Aber wir werden entschädigt. Unser Ziel ist Cabanaconde, ein kleiner Ort, der direkt am berühmten tiefen Colca-Canyon (bis zu 3400 Meter tief) liegt und viele Wanderer und Tagesausflügler aus Arequipa anlockt. Zudem gibt es am „Cruz de Condor“, einem Aussichtspunkt ganz in der Nähe, die Möglichkeit aus nächster Nähe frei lebende Kondore zu beobachten. Früh morgens stehen die Chancen am besten und so sind wir auch um kurz vor 8.00 Uhr mit hunderten anderen Menschen dort, um das Schauspiel zu beobachten. Erst sind nur einige wenige Tiere zu sehen, als dann aber der Wind nachlässt, kommen viele aus ihren Nestern und wir können – sehr nah – die Flugkünste bewundern. Eindrucksvoll! Von unserem Hotel aus sind wir mit einem VW T2 losgefahren (bevor wir starten konnten, musste der Fahrer erst mal den Aschestaub des nahe gelegenen Vulkans entfernen; nachts hat er ein paar Aschewolken ausgespuckt…). Zurück sind wir dann auf Mountainbikes umgestiegen und hatten so die Chance, in aller Ruhe die einzigartige Landschaft zu genießen. Sehr schön, zumal wir auf der Straße fast allein waren. Die ganzen Busse der Tagesausflügler drehen am Cruz de Sur um und fahren nach Arequipa zurück.

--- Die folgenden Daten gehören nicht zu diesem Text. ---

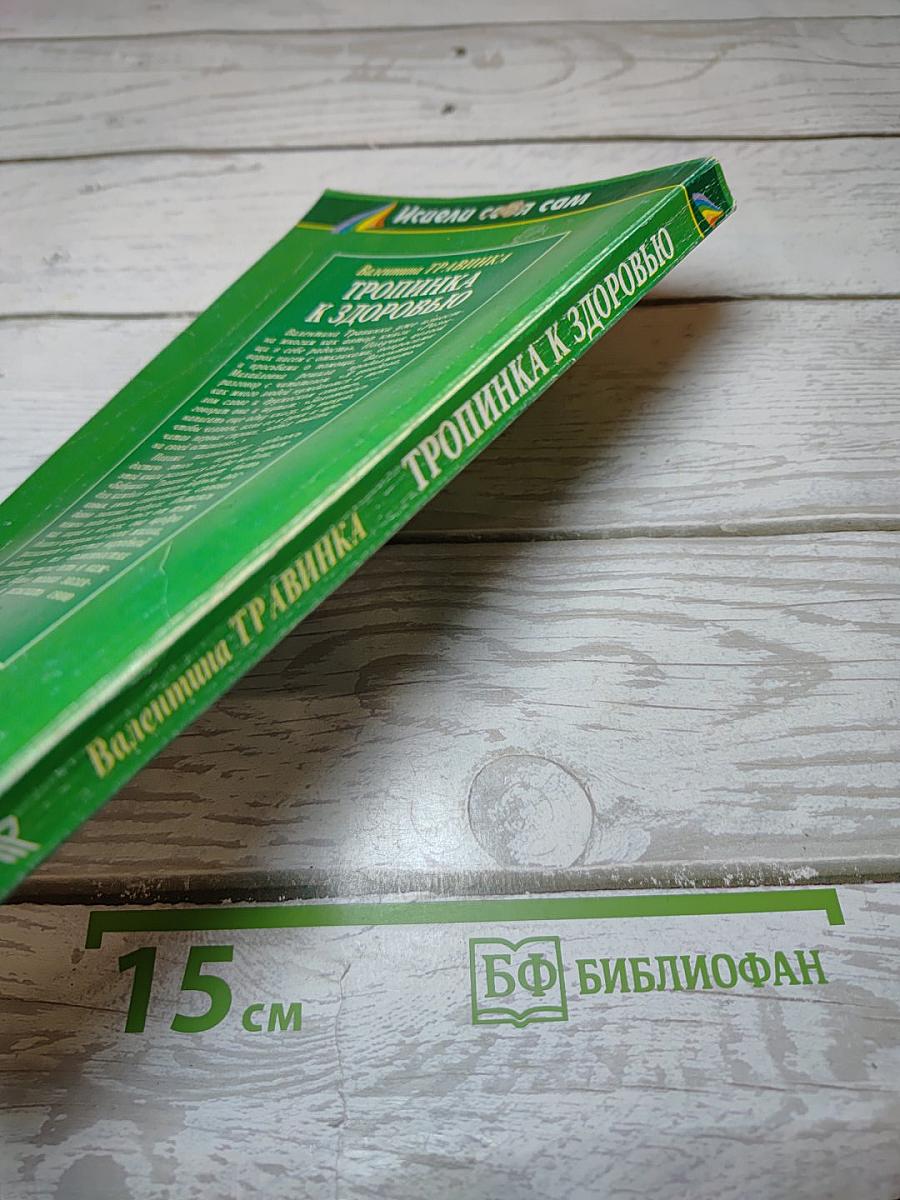 Тропинка к здоровью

Mit unserem Hotel haben wir einen echten Glücksgriff getan. Schöne Zimmer (wenn auch wie fast überall in Südamerika hellhörig), ein gutes Restaurant, ein sympatischer Besitzer – Ludwig (er heißt wirklich so; auf Nachfrage erklärt er uns, dass Peruaner eine Schwäche für exotische Vornamen haben wie z. B. auch Winston, Churchill, Messi) und sehr freundliches Personal, was unglaublich pragmatisch und freundlich ist. Eines Morgens ist der Strom weg, dann wird halt bei Kerzenlicht gefrühstückt, abends fällt das Warmwasser für die Duschen aus, also kalt Duschen oder sein lassen! Aber irgendwie macht das alles nichts, die Atmosphäre ist toll und wir fühlen uns sehr wohl.

Zum Angewöhnen beginnen wir mit einer Halbtagestour-Wanderung zu Inkaruinen, die auf einem Bergkamm in der Nähe liegen. Wir lassen uns den Weg erklären und laufen los. Die ersten Hinweise finden wir noch gut, doch plötzlich verwandelt sich der Schotterweg in einen kleinen Bachlauf, weil anscheinend ein Bewässerungskanal defekt ist. Wir müssen da ein bisschen improvisieren und prompt passiert ist: Heiko rutscht von einem Stein ab und steht mit beiden Füßen im Wasser. Also rauf auf das nächste Feld, Schuhe und Socken ausziehen und in der Sonne trocknen lassen! Bei der Sonnenintensität geht das übrigens sehr flott. Während wir so warten, kommt plötzlich ein Bauer mit einigen Stieren auf einem Nebenweg vorbei. Die Tiere sind ca. 30 Meter entfernt und besonders ein junger Stier ist sehr nervös, brüllt permanent und scharrt mit den Hufen. Jetzt werde ich nervös und beginne schon mal mir einen geeigneten Fluchtweg zu suchen und den Rucksack zu packen, als er sich doch besinnt und brav hinter seinem Besitzer herläuft…

Den bekanntesten Wanderweg heben wir uns für das Ende unseres Aufenthalts auf. Direkt von Cabanaconde geht es 1200 Höhenmeter (in 7km) runter bis auf den Grund der Schlucht nach Sangalle. Der Weg ist holperig, aber in Serpentinen angelegt, so dass wir nach zwei Stunden ganz unten sind. Wir erholen uns am Flußlauf und gehen dann noch zu einem der Hotels, wo wir nach einem Bad im Pool erfrischt für den Aufstieg sind. Das ist dann allerdings etwas härter. Diesmal brauchen wir drei Stunden, wobei die letzte Stunde echt hart ist. Aber wir schaffen es, ohne einen Muli mieten zu müssen. Das ist die Option für erschöpfte Wanderer, die regelmäßig genutzt wird. Und die Tiere sind so schnell und trittsicher! Echt beeindruckend! Abends im Hostel erfahren wir, dass es seit einigen Jahren einen Wettbewerb gibt, wer am schnellsten den Weg aus der Schlucht nach oben schafft. Der derzeitige Rekord steht bei 35 Minuten!!!???? Keine Ahnung wie das geht (ich fand uns schon schnell…).